In a full study we want to test several group sizes ranging form small to large. For each group size we should generate multiple random sets of birthdays and check each set for a shared/duplicate birthday. Finally, for each group size in the study, we want to calculate and report on the percentage of groups of that size that had a shared birthday. Below you’ll be asked to create a series of functions that lead up a full data-gathering study of the birthday paradox. Notice how the problem is broken down into distinct functions that ultimately come together into a single function that can be used to run any number of studies you wish.

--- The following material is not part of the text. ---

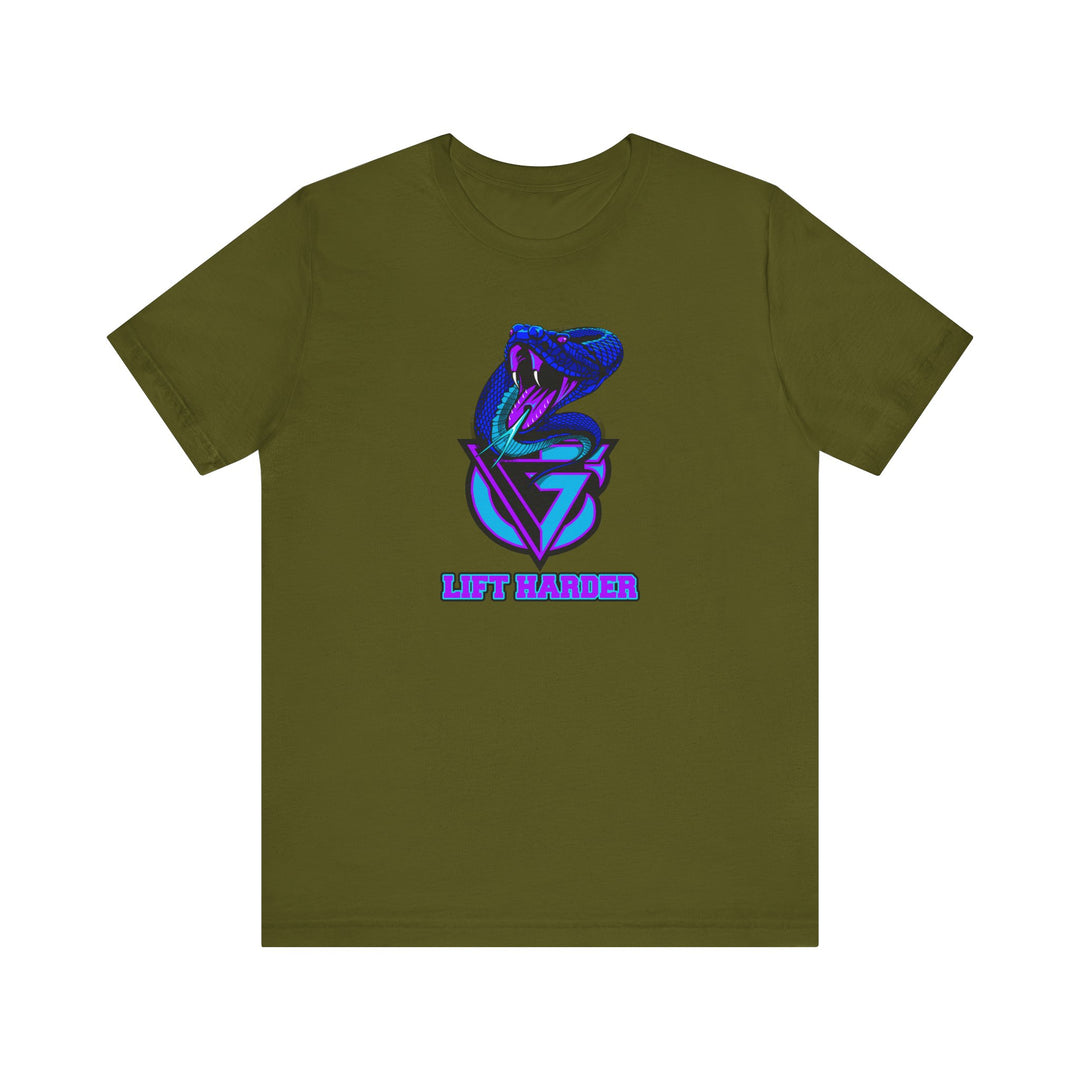 CG WICKED VIPER BLUE  PURPLE /LIFT HARDER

- Design a function that takes the group size n and generates a list of size n containing random birthdays. To make things easy, we’ll ignore dates and just index days by year. This means a birthdate is just a number from 1 to 365. Use the python random.randint function to generate a single birthday. Once you’ve got it working using a DIY loop and randint, you’re welcome to revise your function to use random.choices. You cannot (easily) unit test this function due to the use of random numbers. You should still test it in isolation to ensure that it behaves as expected.
- Design function that takes a birthday list and returns true or false if a duplicate exists in the list. Use the set-based method to detect duplicates. Write unit tests for this function!

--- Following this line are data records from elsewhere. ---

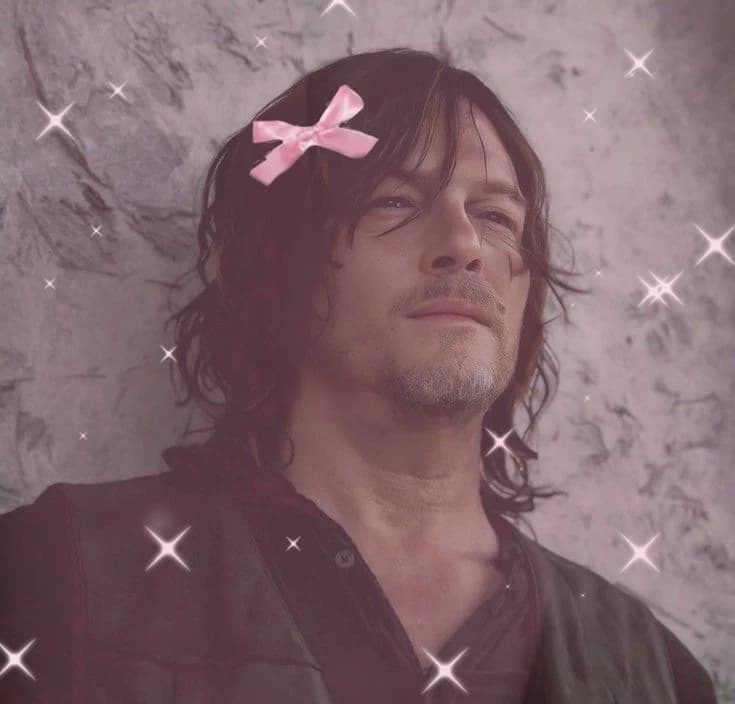 Daryl Dixon 🏹♡ thumbnail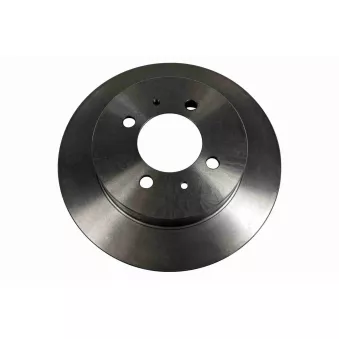 Jeu de 2 disques de frein arrière ACKOJA A38-40005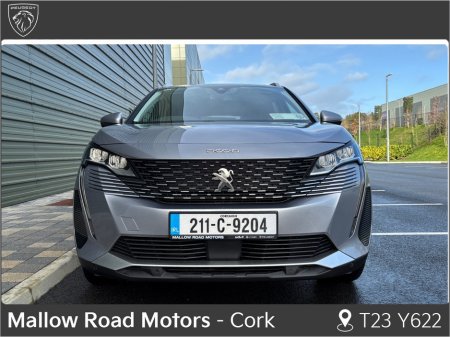 2021 Peugeot 3008 - thumbnail 5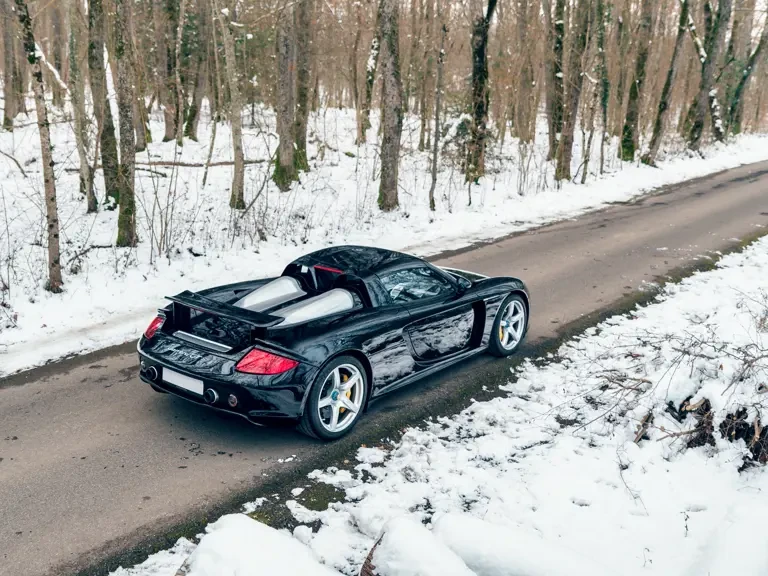 2005 Porsche Carrera GT - Image 11 of 31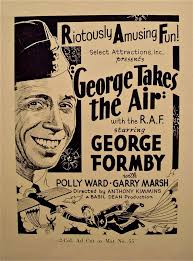 George Takes the Air (1938)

- Design a function that runs a birthday paradox experiment. This function takes two arguments, n, the size of the group, and k the number of groups of size n to check. Your function should then generate k random groups of size n and return the percent that contained a shared birthday. Again, you don’t need to unit test this, but should test it in isolation to verify the expected behavior. This function should make use of the prior two functions.
- Now, design a function to run a complete birthday paradox study. This function should take a sequence of group sizes (think list or range that provides a collection of sizes on which you’d like to run an experiment) along with a k (which serves the same purpose as it does with an experiment). This function should run an experiment for each group size in the sequence, save the results to a dictionary that maps group sizes to the percent reported by the experiment, and return the dictionary. Again, you don’t need to unit test this, but should test it in isolation to verify the expected behavior. This function should make use of the Experiment function (which makes use of the other functions from this part of the lab).